After breezing through customs checks after landing at Heathrow, she headed to a hotel to deliver the goods to a pair of major drug dealers.
She was caught by an undercover police operation but was only arrested on her return to Britain five months later after detectives identified her using CCTV footage.
Shahi claimed she had been an unwitting drugs mule - but a jury at Southwark Crown Court found her guilty of possession of class A drugs with intent to supply.
Southwark Crown Court heard it was highly unlikely Air Canada cabin crew would be subjected to random drug searches as Canada was not considered a high-risk country for drug smuggling.
Former public schoolboy Simon Howard-Harwood and Baljinder Nijjar, both 28, who collected the drugs she smuggled into Britain had admitted conspiracy to supply prohibited drugs, while minicab driver Ghulem Malik, 53, was convicted of ferrying drugs for the pair.
On March 26 this year, Shahi flew into Heathrow from Toronto.
After leaving the airport she checked into the Danubius Hotel, in Regent’s Park, central London - which was being staked out by undercover drugs officers who had been on the trail of Nijjar and Howard-Harwood for months.
Nijjar was seen going into Shahi’s room and left carrying a blue Air Canada Bag - thought to contain the drugs.
He then walked to room 221 where Howard-Harwood was staying and left empty-handed.
Shortly afterwards taxi driver Malik, who ferried drugs for the dealers, went to Howard-Harwood’s room, and left with a bag which he loaded into his vehicle and drove away.

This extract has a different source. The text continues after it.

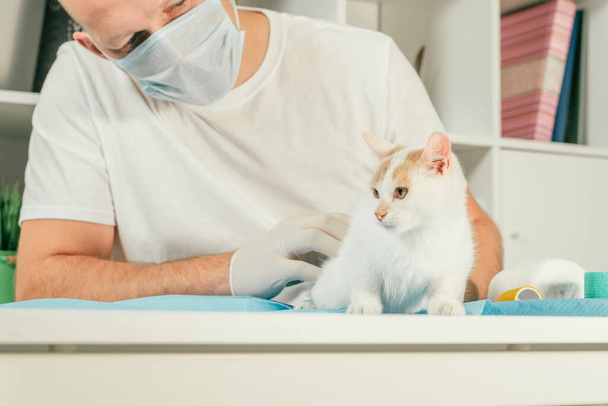 Ветеринар-мужчина в перчатках и футболках держит белого и рыжего котенка и проводит медицинское обследование на столе - Фото, изображение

When police stopped him they found a kilo of cocaine in his car.
When officers raided Howard-Harwood’s room they found him dressed in his underpants, with a line of coke on a surface ready for him to snort - and the remaining 3kg of cocaine in a wardrobe.

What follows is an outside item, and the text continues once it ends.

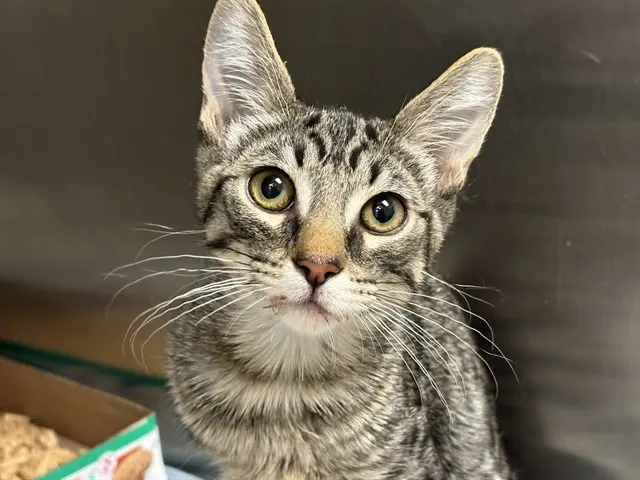 Tnr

Officers then seized 25kg of cannabis resin from a London safe house connected to the gang.
Shahi was not arrested at that stage and she unsuspectingly flew back to Canada.
Giving evidence Shahi insisted that she had only packed her bag with clothes, and had no idea it contained drugs.
‘It was a regular day, a regular flight, a normal situation for me,’ she told jurors.
Caught out: Air hostess Mandeep Shahi and Baljinder Nijjar, 28, who helped orchestrate the drug smuggle plot
Prosecuted: Mini-cab driver Ghulem Malik and former public schoolboy Simon Howard-Harwood
She said she was married to Nijjar’s cousin, Bhupinder Sanghera, and suggested that he could have put the drugs in her bag without her knowing.
Shahi wept as the judge sentenced her and her fellow drug dealers to a total of 32 years in prison.
Judge Gledhill said they took advantage of the lack of security checks on Air Canada staff as they flew into Heathrow.
He told Nijjar: ‘As you well knew through your cousin, and perhaps Miss Shahi, Canada is not regarded as a country that poses a great risk of prohibited drugs being brought to this country.
‘The fact of the matter is, as an officer who works at Heathrow told the court, there is virtually a nil risk that flights coming into this country from Canada would be subjected to random checks of crew.’
The judge said the deal had been set up by Nijjar and his cousin Sanghera - Shahi’s husband - but the hostess agreed to take drugs on the flight from Toronto and played her role ‘with aplomb’.
He said after giving the drugs to Nijjar, she travelled to Westfield shopping centre in Shepherds Bush, west London and splashed out on a new £200 handbag.
The judge told her: ‘You knew from your seven or eight previous visits as air crew that the chances of your person or luggage being searched was nil, so when your husband told you, you could not say no and did not say no.
‘Whether you were happy to do it or had reservations, I have no idea, but the fact is you were not acting under duress, and you could have chosen not to.’
Howard-Harwood, of Waterlooville, Hampshire was jailed for nine years and Nijjar, Southall, Middlesex, was jailed for 12 years after they both admitted conspiracy to supply prohibited drugs.
The judge said Nijjar had ‘corrupted’ Malik, who he had met while Malik was working as a taxi driver.
Shahi, of Ontario, and Malik, of Southall, were both cleared of the conspiracy to supply prohibited drugs.
Malik, was convicted of possession of class A and class C drugs, both with intent to supply was jailed for three years.